- _SOURCE MATERIAL_
== Segment start ==

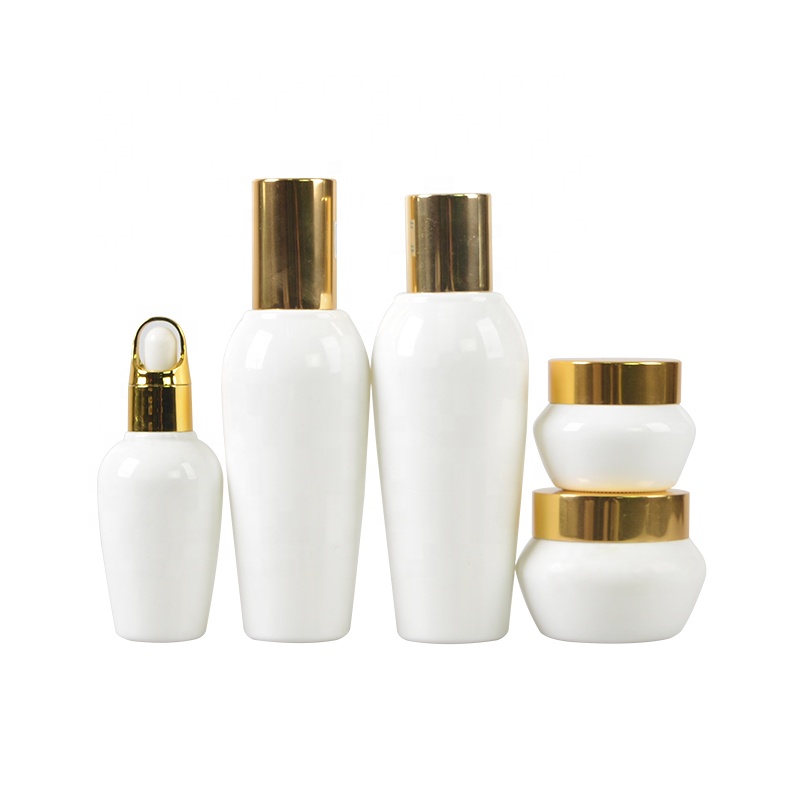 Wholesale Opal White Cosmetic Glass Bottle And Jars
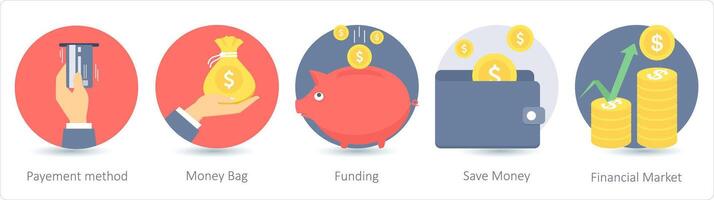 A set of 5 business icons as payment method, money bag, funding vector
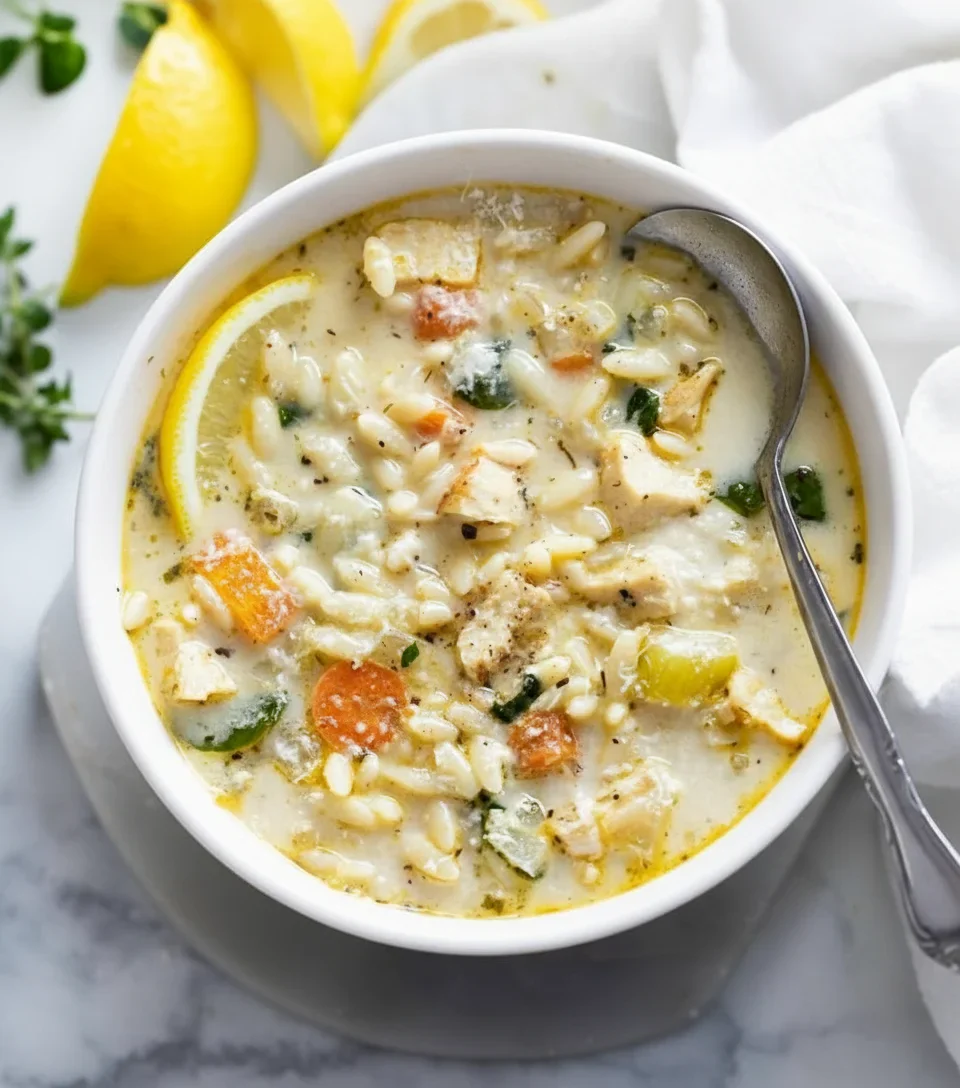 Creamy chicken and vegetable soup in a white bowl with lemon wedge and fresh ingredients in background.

== Segment end ==
== Segment start ==

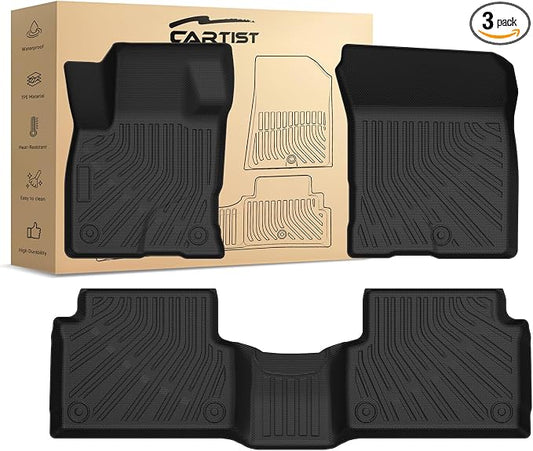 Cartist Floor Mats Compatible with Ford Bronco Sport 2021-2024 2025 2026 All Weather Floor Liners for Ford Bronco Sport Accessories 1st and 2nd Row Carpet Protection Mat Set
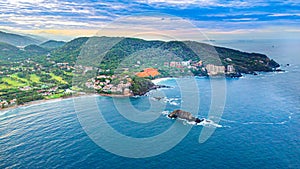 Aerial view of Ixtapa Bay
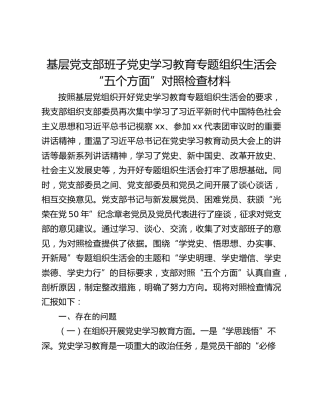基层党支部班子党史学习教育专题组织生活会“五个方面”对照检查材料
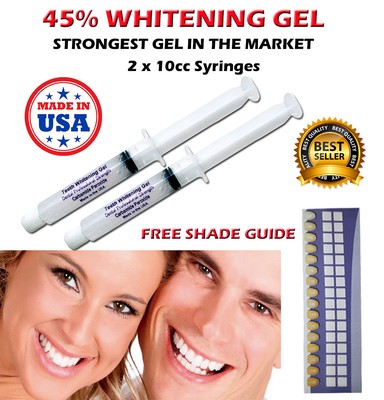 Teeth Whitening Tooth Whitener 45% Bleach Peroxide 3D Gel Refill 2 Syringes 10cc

== Segment end ==

- _WHAT IS BEING ASKED_
The answer must be the part of the records that opens with the line containing "Cartist Floor Mats" and closes with the line containing "Teeth Whitening Tooth", reproduced exactly, with no pictures.

- _RESPONSE AREA_
 Cartist Floor Mats Compatible with Ford Bronco Sport 2021-2024 2025 2026 All Weather Floor Liners for Ford Bronco Sport Accessories 1st and 2nd Row Carpet Protection Mat Set
 Aerial view of Ixtapa Bay
基层党支部班子党史学习教育专题组织生活会“五个方面”对照检查材料
 Teeth Whitening Tooth Whitener 45% Bleach Peroxide 3D Gel Refill 2 Syringes 10cc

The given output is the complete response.